Mais c’est pourtant bien ce qui s’est passé. Tout d’abord à pas lents, puis à marche de plus en plus rapide jusqu’à l’hallali de ce mois d’août, quand le Pape François a démantelé l’édifice que l’Opus Dei avait mis des décennies à se construire.
Officiellement, rien ne change : l’œuvre continue à être une « prélature personnelle », la seule à porter ce titre dans l’Église. Mais d’abord avec la constitution apostolique « Praedicate evangelium » du 19 mars 2022, puis avec la lettre apostolique « Ad charisma tuendum » du 14 juillet et enfin avec le motu proprio du 8 août 2023, le Pape François l’a vidée de sa substance, il l’a réduite au rang d’« association publique cléricale de droit pontifical avec faculté d’incardiner des clercs », c’est-à-dire à n’être plus qu’une simple association de prêtres, ils sont environ 2 000, sous le contrôle du Dicastère du Vatican pour le clergé, sans plus aucune autorité sur les 90 000 laïcs qui faisaient sa force dans la société, et qui dépendent désormais canoniquement de leurs curés et évêques respectifs. Tout à fait : c’est ce que prévoit le canon 296, modifié par le Pape François, du code de droit canon, qui renvoie à son tour au canon 107 du même code (à moins qu’il ne faille croire l’interprétation inverse de Juan Ignacio Arrieta, Secrétaire du Dicastère pour les textes législatifs selon qui, si l’on s’en tient au canon 302 de ce même code, les associations simplement définies comme « cléricales » sont bien dirigées par des clercs, mais également composées de fidèles).

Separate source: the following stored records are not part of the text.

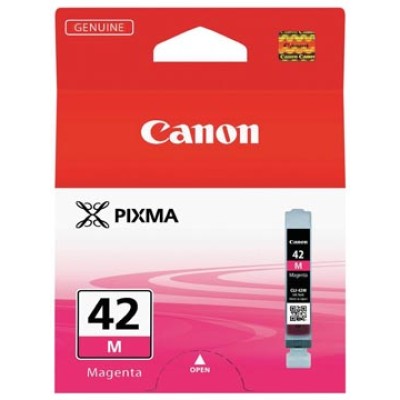 CANON INKT CLI42 6386B001 M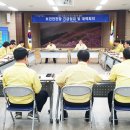 창원시 의창구 19 창원일보
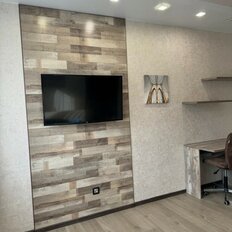 Квартира 60 м², 2-комнатная - изображение 3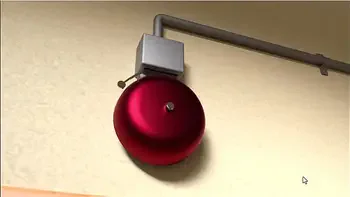 Milf Breeder - Chapter 1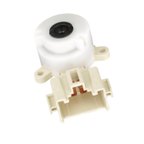 Standard Ignition US-292 Ignition Switch - view 4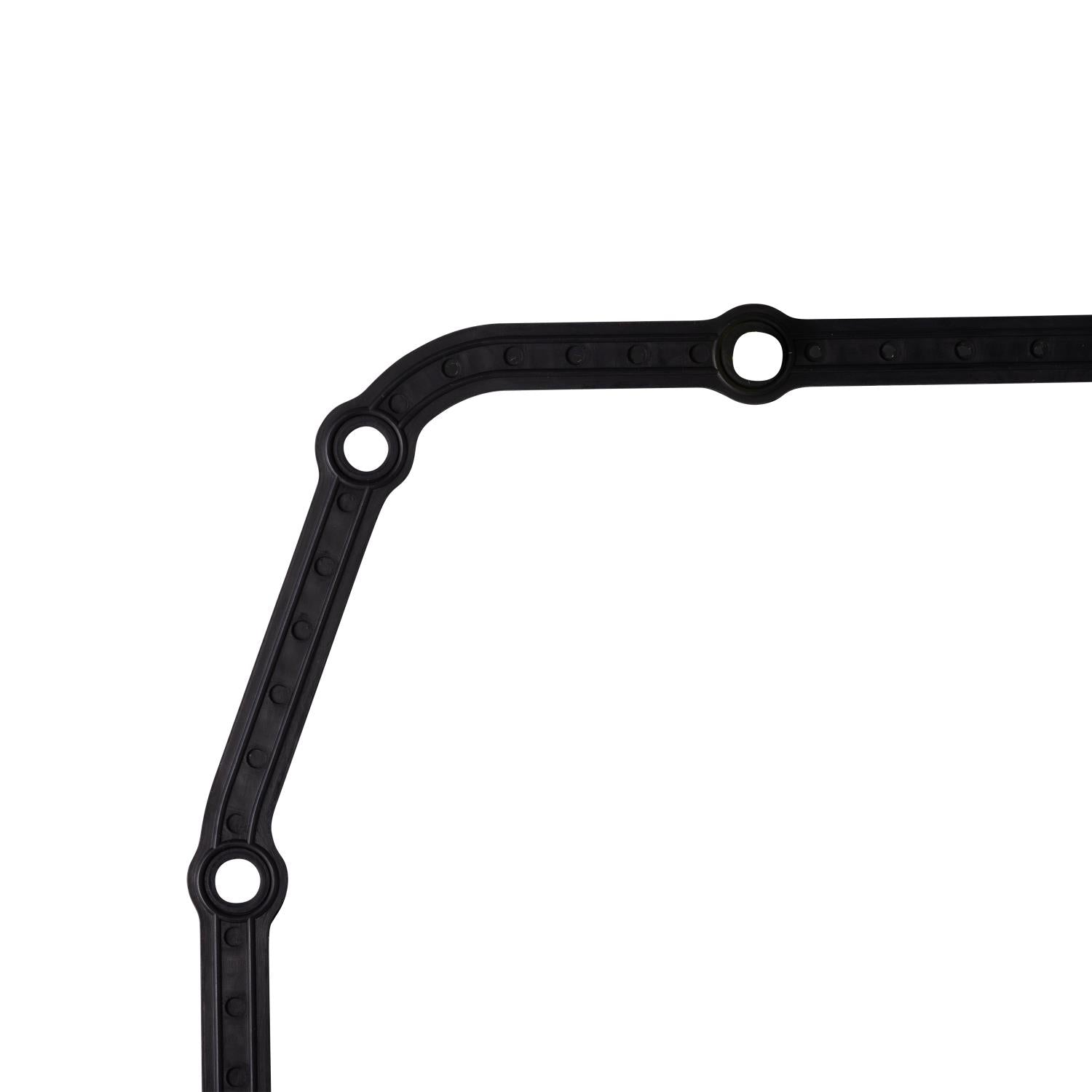 2002 Ford Crown Victoria Transmission Filter PT1232X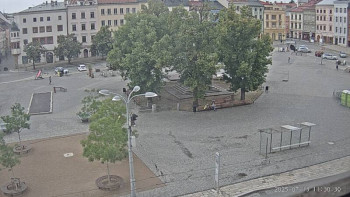 Snímek    13.7.2025 v 11:30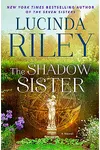 The Shadow Sister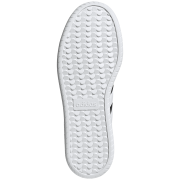 Chaussures homme Adidas Barreda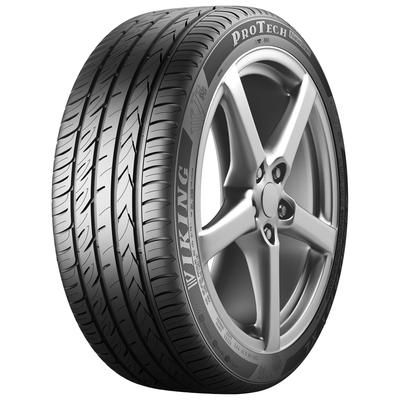 VIKING PROTECH NEWGEN 185/65R15 88T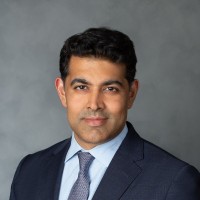 Chirag Jardosh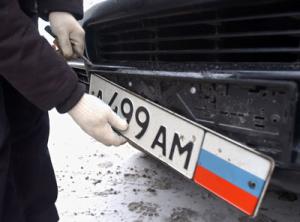 Водители депутатов Госдумы жалуются на нищенскую зарплату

Dans les aspirations de l’Opus Dei, en bonne partie réalisées pendant les années d’or, la prélature personnelle devait être une sorte de diocèse sans territoire propre délimité mais étendu au monde entier, avec son évêque en la personne du prélat de l’œuvre, son clergé et ses fidèles. Elle devait donc s’inscrire, sous cette forme très spéciale, dans la structure hiérarchique de l’Église et rendre compte directement à la Curie, à la Congrégation pour les évêques.
La reconnaissance de l’Opus Dei en tant que prélature personnelle remonte à 1982, soit sept années après la mort de son fondateur, l’Espagnol Josemaría Escrivá de Balaguer, proclamé saint en 2002. Mais par la suite, contrairement à ses espérances, le code de droit canon de 1983 ne l’a pas reprise parmi les structures hiérarchiques mais bien dans le chapitre « De populo Dei ».